Söder bedauerte in diesem Zusammenhang, dass eine Mehrzahl der Länder sich beim Thema Maskenpflicht im Unterricht schwertue. Bayern behalte das auf jeden Fall bei …

Söder hoffe, dass am Nachmittag bei dem Corona-Gipfel noch an einigen Stellen ‘Verbesserungen’ erreicht werden. Sollte dies nicht gelingen, werde er für Bayern auf jeden Fall eigene, strengere Regeln auf den Weg bringen. In der Beschlussvorlage sei vorgegeben, dass die Länder nachschärfen könnten. Und das werde Bayern dann auch tun, kündigte der Ministerpräsident an.

Am morgigen Donnerstag werde das bayerische Kabinett darüber beraten, am kommenden Freitag werde dann der Landtag darüber abstimmen.

Söder zeigte einerseits Verständnis für die geplanten Lockerungen der Kontaktbeschränkungen für die Weihnachtstage. Andererseits kritisierte er, dass diese bis Neujahr gelten sollen. Das bereite ihm Sorgen.
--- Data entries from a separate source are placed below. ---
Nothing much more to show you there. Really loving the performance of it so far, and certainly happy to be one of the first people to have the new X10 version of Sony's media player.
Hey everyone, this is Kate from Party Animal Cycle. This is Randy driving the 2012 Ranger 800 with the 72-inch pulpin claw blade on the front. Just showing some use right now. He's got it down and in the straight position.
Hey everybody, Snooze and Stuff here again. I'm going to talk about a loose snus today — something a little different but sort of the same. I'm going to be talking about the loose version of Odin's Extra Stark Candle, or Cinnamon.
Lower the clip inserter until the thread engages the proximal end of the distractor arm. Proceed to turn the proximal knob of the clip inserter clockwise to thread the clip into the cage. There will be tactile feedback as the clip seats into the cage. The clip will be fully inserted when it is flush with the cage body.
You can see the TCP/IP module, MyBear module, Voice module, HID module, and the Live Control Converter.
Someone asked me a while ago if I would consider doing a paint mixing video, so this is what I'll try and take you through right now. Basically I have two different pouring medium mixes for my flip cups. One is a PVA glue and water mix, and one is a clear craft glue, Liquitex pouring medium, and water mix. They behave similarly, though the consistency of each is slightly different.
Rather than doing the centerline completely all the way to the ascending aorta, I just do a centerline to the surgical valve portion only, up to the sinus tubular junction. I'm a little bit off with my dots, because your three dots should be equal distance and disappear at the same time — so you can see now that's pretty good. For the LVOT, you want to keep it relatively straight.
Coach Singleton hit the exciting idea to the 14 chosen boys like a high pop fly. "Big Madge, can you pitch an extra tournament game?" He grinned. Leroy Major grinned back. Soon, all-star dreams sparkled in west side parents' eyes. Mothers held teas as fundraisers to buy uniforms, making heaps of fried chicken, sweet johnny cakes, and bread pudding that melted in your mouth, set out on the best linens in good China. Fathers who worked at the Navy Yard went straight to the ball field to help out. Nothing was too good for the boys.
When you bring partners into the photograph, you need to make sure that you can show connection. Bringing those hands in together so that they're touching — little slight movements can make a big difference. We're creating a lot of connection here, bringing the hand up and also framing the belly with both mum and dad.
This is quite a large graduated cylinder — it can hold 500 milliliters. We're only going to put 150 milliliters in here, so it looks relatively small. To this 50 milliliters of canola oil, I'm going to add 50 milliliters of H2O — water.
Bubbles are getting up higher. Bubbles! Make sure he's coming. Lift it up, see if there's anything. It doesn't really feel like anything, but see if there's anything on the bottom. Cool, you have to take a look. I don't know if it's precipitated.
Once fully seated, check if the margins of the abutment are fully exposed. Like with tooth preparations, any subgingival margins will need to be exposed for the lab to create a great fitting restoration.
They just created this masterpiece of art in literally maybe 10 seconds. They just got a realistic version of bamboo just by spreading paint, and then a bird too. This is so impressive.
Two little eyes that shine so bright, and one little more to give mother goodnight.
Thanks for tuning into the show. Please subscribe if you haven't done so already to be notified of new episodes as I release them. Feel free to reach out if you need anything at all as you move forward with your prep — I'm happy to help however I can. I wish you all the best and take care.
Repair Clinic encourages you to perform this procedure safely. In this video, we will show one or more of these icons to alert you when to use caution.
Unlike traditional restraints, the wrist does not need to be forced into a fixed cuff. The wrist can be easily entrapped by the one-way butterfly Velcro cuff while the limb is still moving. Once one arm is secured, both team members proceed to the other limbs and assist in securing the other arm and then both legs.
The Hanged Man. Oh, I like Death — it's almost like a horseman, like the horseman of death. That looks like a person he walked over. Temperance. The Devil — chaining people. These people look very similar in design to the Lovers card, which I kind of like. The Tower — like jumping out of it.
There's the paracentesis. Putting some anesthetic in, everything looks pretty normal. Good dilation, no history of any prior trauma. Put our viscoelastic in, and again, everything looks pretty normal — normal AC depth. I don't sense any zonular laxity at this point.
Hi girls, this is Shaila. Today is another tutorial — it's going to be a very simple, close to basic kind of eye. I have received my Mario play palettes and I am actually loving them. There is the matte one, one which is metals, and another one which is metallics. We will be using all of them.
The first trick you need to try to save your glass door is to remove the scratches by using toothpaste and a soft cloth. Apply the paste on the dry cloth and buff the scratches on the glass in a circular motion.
Denn Silvester werde weniger im Familienkreis, sondern eher mit Freunden gefeiert. Da müsse man noch mal überlegen, ob die Zahl ZEHN da angemessen ist. 

Söder machte deutlich, dass der Teil-Lockdown am 20. Dezember wohl nicht vorbei sein werde. Jedem müsse bewusst sein, dass nicht am 20. Dezember alles geöffnet werde. Die Zahlen seien einfach aktuell noch viel zu hoch. Das Datum sei nur deswegen gewählt worden, weil das Gesetz klar vorgebe, dass Verordnungen nur für vier Wochen gemacht werden dürfen.